Raw data =>
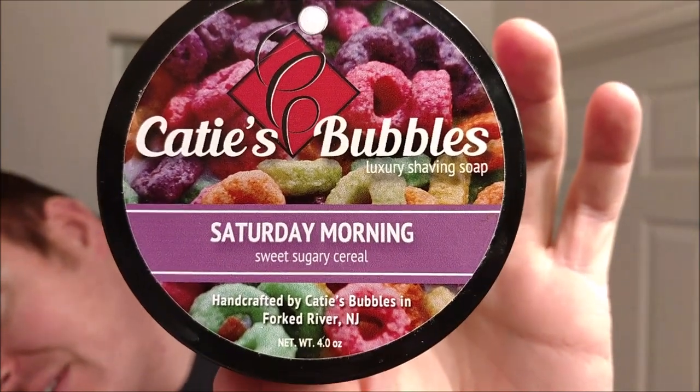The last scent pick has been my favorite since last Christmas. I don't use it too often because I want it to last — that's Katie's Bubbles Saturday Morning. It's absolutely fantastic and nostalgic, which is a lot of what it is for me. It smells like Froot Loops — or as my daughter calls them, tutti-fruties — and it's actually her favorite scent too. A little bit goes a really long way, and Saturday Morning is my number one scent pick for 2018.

---

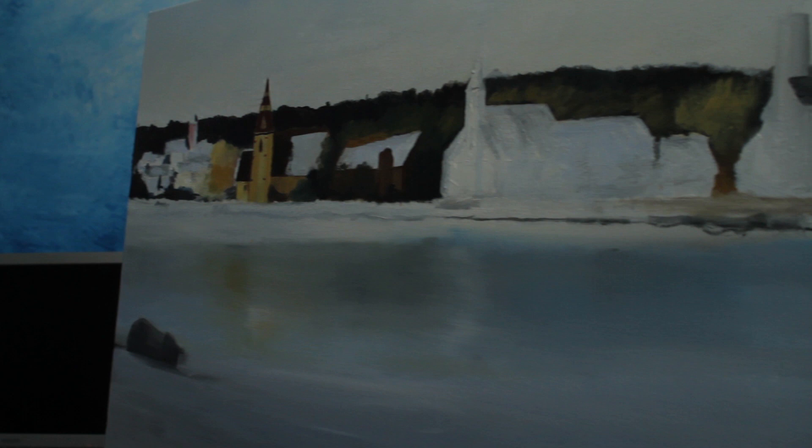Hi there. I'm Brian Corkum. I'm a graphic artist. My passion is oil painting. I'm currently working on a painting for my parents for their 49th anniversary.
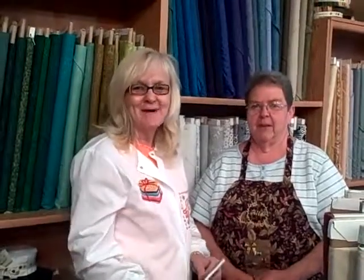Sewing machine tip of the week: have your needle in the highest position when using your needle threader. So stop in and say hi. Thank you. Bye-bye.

---

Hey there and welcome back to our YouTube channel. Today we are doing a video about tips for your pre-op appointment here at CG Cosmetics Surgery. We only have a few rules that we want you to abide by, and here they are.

Exercise instructions => Exactly the lines above from the one that contains "Hi there. I'm" down to the one that contains "Sewing machine tip" are to be output, both ends kept and pictures omitted.

Answer box =>
Hi there. I'm Brian Corkum. I'm a graphic artist. My passion is oil painting. I'm currently working on a painting for my parents for their 49th anniversary.
Sewing machine tip of the week: have your needle in the highest position when using your needle threader. So stop in and say hi. Thank you. Bye-bye.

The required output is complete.